- **ACTIVITY**: Where the data below begins, start duplicating lines exactly, and finish with the line containing "Sandali slides in"; add nothing else. Leave the pictures out.

- **RECORDS FOR PROCESSING**:
____
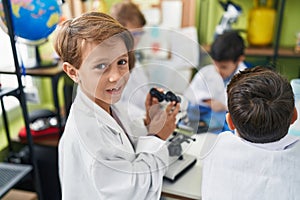 Group of kids students smiling confident using microscope at laboratory classroom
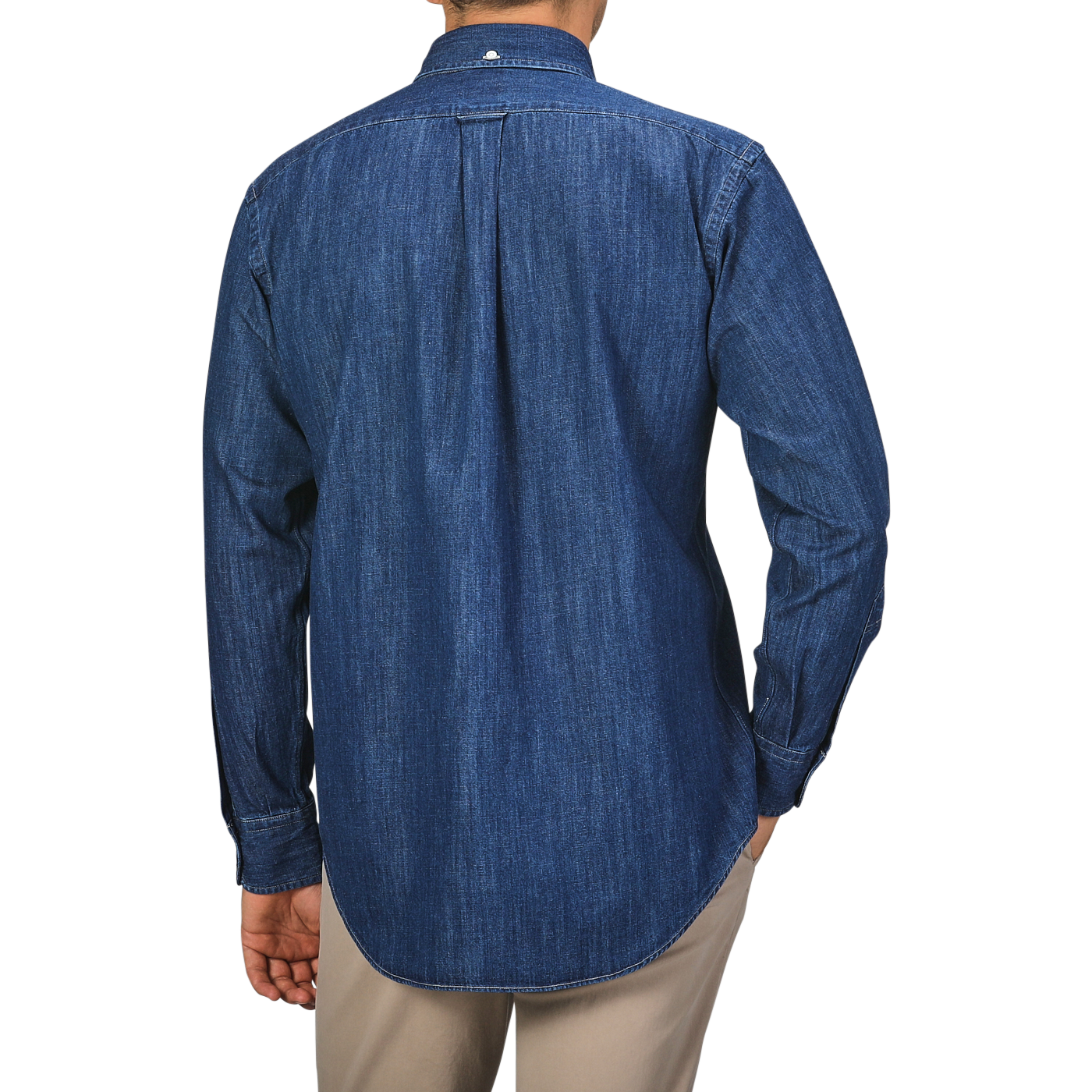 A person stands facing away, wearing a Kamakura Shirts Dark Blue Japanese Denim 7oz BD Shirt with a button-down collar and beige pants.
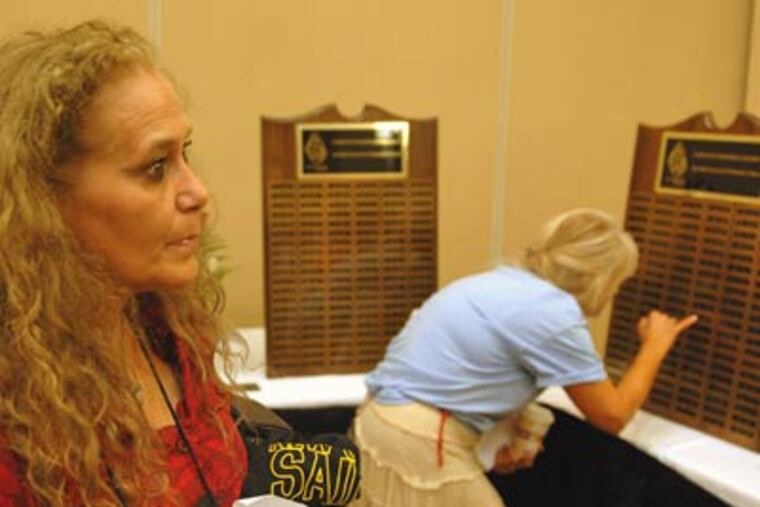 Deborah Cunningham, left, of Dexter, Maine, reads names on panels of
the "Murder Wall" last night. The wall remembers the slain children of members of the Parents of Murdered Children. Cunningham's 21-month-old grandson was killed in 1999. (Tom Gralish / Staff Photographer)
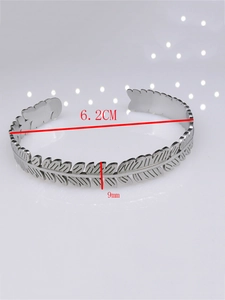 Detail view of silver feather cuff bracelet showing 6.2cm inner diameter and 9mm width
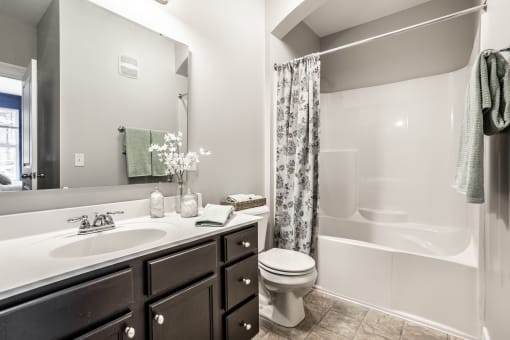 A bathroom with a large vanity and a mirror, and a white tub with white tile walls.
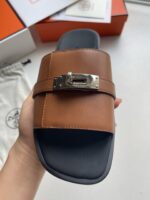 Sandali slides in pelle marrone con fibbia metallica, eleganti e comodi per ogni occasione.
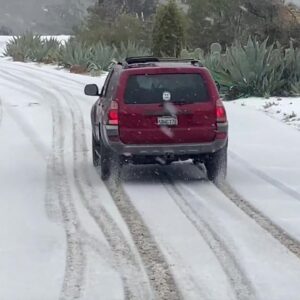 Leading edge of rare snow storm arrives in Santa Barbara hills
____
- **EXERCISE RESULT**:
 Group of kids students smiling confident using microscope at laboratory classroom
 A person stands facing away, wearing a Kamakura Shirts Dark Blue Japanese Denim 7oz BD Shirt with a button-down collar and beige pants.
 Deborah Cunningham, left, of Dexter, Maine, reads names on panels of
the "Murder Wall" last night. The wall remembers the slain children of members of the Parents of Murdered Children. Cunningham's 21-month-old grandson was killed in 1999. (Tom Gralish / Staff Photographer)
 Detail view of silver feather cuff bracelet showing 6.2cm inner diameter and 9mm width
 A bathroom with a large vanity and a mirror, and a white tub with white tile walls.
 Sandali slides in pelle marrone con fibbia metallica, eleganti e comodi per ogni occasione.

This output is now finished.